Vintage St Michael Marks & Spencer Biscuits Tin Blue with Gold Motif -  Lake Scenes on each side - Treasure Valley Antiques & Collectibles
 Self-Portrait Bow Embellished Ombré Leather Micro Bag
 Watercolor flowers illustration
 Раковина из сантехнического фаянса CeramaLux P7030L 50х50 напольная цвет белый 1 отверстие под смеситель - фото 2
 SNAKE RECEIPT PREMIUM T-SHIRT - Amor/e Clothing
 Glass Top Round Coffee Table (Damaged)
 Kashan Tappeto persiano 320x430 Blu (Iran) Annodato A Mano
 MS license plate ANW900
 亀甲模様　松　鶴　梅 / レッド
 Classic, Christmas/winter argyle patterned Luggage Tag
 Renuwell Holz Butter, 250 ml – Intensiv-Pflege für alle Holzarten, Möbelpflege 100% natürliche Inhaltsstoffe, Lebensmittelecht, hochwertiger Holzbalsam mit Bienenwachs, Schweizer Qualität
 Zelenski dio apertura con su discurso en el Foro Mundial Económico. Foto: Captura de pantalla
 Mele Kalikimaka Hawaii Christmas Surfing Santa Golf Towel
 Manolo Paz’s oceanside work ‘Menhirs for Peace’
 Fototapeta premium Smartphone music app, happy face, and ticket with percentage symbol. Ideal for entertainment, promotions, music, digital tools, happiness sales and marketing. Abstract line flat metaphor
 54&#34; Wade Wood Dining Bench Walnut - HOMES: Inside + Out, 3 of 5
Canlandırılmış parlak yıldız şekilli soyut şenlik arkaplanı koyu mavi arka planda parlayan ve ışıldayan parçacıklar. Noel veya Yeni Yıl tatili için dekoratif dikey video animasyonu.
· · ·
__What to work on__:
How many of the lines above hold "Christmas"? Answer with only the number.

__Solution to this exercise__:
2